The First argument for God’s existence
1. men know that they are imperfect, yet find in their minds an idea of supreme perfection.

2. A cause must contain at least as much reality as its effect (again, remember Plato), to the conclusion that . . .

3. the cause of the idea of perfection must itself be a perfect being -- God.

4. A perfect, omnipotent, omnibenevolent God would not allow the evil Deceiver to exist.

Nex he used a version of St.
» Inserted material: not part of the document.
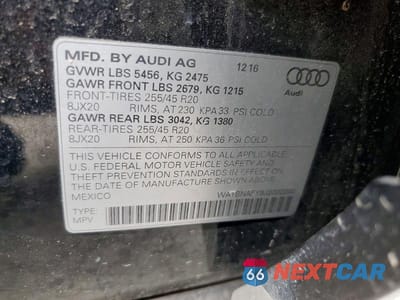 Zdjęcie 13 z 13 samochodu: 2018 AUDI Q5 VIN:WA1BNAFY9J2002200 - miniatura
Anselm’s “ontological argument” which as a priori, i.e., making no appeal to the external world--(a world which for Descartes did not yet exist), he “proved” God’s existence, thereby disposing of the Evil Genius

1. Existence, being a perfection, can no more be separated from the concept of a supremely perfect being than the fact that its angles equal two right angles can be separated from the concept of a triangle.
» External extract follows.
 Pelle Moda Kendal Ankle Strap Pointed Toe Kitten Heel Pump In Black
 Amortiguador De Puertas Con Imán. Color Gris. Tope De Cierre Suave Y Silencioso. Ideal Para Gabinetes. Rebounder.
2. So, the supremely perfect being (God) must by definition exist.

Building upon this Descartes recovered math into his system (the only objection to math was the Evil Genius hypothesis.)

Applying math to his innate idea of corporeal substance, Descartes came up with what he thought to be the correct account of reality -- the world as known by mathematical physics (Again, remember Plato’s Forms).

1. Scientific knowledge is proven to be possible.

2. For once God’s existence is established, one is no longer limited to the private momentary certainty of one’s own existence;

3. one can now, since God is benevolent and non-deceiving, have a reasonable degree of confidence in the existence of an external world, in one’s powers of memory, in the normal reliability (subject to careful scrutiny) of the senses.

4. The construction of a systematic body of truths becomes possible.

He thus proved that you can have both God and Galileo!

Some interesting observations

Descartes assumes basic logical truths cannot be doubted.
The Law of Non-Contradiction
Descartes never discusses this.

The world is not “what you see is what you get” (naive realism), but a bunch of mathematically measurable quantities (a cold, colorless, odorless, soundless, tasteless world of matter in motion.)
All perceivable qualities (“red,” “blue,” “sweet,” “warm,” “melodious”) are in the mind.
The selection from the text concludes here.